When typhoid struck the city
of Aberdeen, McGuire got himself quarantined for three weeks so that he
could cover the story first hand.

His output could be staggering.

During
the Glasgow High Court trial of the notorious murderer Peter Manuel, he
was part of a three-man team that put out 15,000 words a day.

It
would be a mistake, however, to judge McGuire’s contribution by mere
numbers. It was the unadorned, plain quality of it that made it stand
out.

As a down-to-earth, honest-to-goodness reporter, it was
JimmyMcGuire covering any major event who had his story finished and
filed in plain, simple prose while the clever wordsmiths and colour
writers were still searching for their first sentence.

There was
an air of unflappable competence about him, which is why his sobriquet
of “faither” never seemed misplaced, even when it came from people
several years his senior.

During those 20 years, there were a couple of occasions on which he made the news instead of reporting it.

The
first was in 1967, when he was awarded the MBE, the second was 10 years
later when the Scottish Arts Council presented him with the Munro Award
for outstanding services to journalism.

Named after Neil Munro,
newspaper editor and novelist, it had only previously been won by
creative writers such as Jack House and Ian Archer. If anything, it was
the later prize that gave him the greater pride and satisfaction since
he felt it was recognition, not only for him, but for the scores of
other unsung reporters who are the lifeblood of any newspaper. Those
same unsung reporters could think of no-one who deserved it more.

In
1978, McGuire made the transition from poacher to gamekeeper when he
joined the South of Scotland Electricity Board as a public relations
officer. He would have been appalled to be regarded in the same light
as the modern spin doctor since he brought the standards of fairness,
accuracy and integrity that were his hallmark as a reporter, to the
SSEB’s dealings with customers, staff and other power generators all
over Europe.

His time with the board was brought to a premature
conclusion because of mobility problems posed by the onset of a form of
multiple sclerosis.

But it was his job that defined the man. There was an occasion when he made it home in time to watch News at Ten with his wife.

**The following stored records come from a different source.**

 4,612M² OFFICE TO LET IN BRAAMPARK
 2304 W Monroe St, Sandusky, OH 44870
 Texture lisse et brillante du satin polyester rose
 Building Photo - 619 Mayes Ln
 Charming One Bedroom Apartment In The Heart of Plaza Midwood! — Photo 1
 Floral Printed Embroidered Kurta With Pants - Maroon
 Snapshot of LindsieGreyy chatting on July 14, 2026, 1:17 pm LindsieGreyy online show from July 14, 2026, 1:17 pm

“Isn’t that Peter Sissons reading the news?” she inquired innocently. “I thought he was only a reporter.”

He claimed jokingly never to have fully forgiven that remark.

In
hindsight, he would probably have regarded it as a fitting epitaph,
but, in truth, Jimmy McGuire was never only a reporter, he was the
reporter.

McGuire, who was 78,is survived by Connie, his wife of 53 years, two daughters and five grandchildren.